Without that, WSL2's lack of a proper init system means that you literally don't even have a way to automatically start `dockerd`. And you have the same story for the integration of that Docker daemon with the other Linux WSL hosts.
> Comparing it to the real linux is like comparing powershell prompt to full windows.
True, although in a way this comparison is unflattering to Linux because PowerShell is generally better made, better documented, and less hostile to automation or customization than most software that comes with Windows.

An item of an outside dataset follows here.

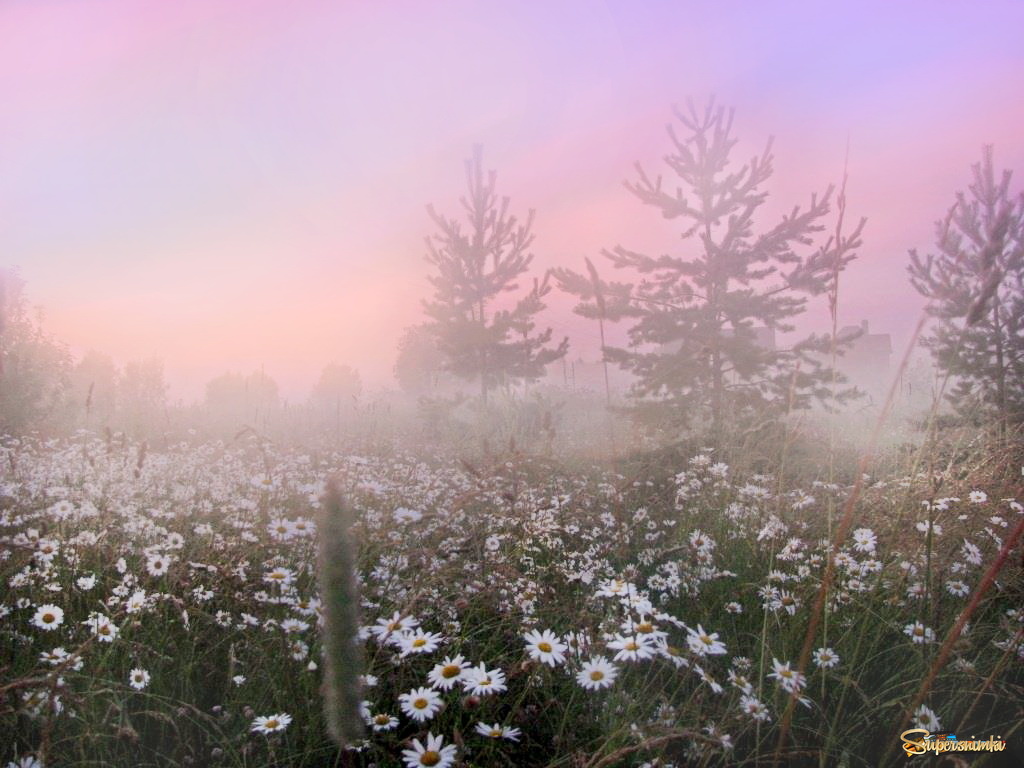 Туман на ромашковом поле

> WSL is passable for running Docker containers, and that is if you add a ton of complicated socket forwarding machinery and Window-side service management automation to it, which is what Docker Desktop does.
That's exactly the reason why I mentioned simple docker containers.

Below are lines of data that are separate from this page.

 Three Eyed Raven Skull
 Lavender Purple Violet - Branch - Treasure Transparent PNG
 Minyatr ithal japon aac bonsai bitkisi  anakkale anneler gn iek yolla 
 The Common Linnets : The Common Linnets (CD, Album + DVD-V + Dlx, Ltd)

Once I needed to make some of them work with macvlan/ipvlan, and docker desktop on mac and windows were both completely unusable.
Say I'm webdev (I'm not) and proper Linux for me is that one which can start Flask dev env, and I can copypaste things from stackoverflow. Totally fine for my needs to call it proper Linux.
Webdev is about the only scenario, in which it would be ok; funny how you mentioned exactly this one.
However, for webdev, native linux would be fine as well.
WSL is really only a viable alternative to dual-booting for Windows people who have merely dabbled in Linux desktop usage. Admittedly, this is likely the only case Microsoft cares about.
But if you're used to Linux, Windows is not only borderline unbearable in a cultural way, but you're likely to notice that a ton of important pieces of WSL (and the wider Windows CLI environment) are broken, inadequate, missing, or just different in a way that makes them unattractive to longtime Linux users.
> I've got a VM with a full linux distro at my fingertips. [...] when the VM looks and behaves like a regular bash terminal, what more could you realistically want?
To name a few, things, limited strictly to WSL:
> - your distro's normal init system / a standard way to configure persistent services
> - bridged networking or some other advanced networking configuration
Sounds like something in sysadmin's language.
I hope WSL will keep within the current paradigm, not trying to replace your Proxmox test lab.
Yeah, WSL(2) was a huge huge win for Microsoft. It seems silly, but it’s kept thousands of devs from dual booting…
I dunno
it's quite possible it'll work out as well as IBM's OS/2 running Windows apps did
Since when saving time and increasing productivity became silly? Not even saying getting rid of Linux VMs, shared folders and similar annoying things is a good thing overall.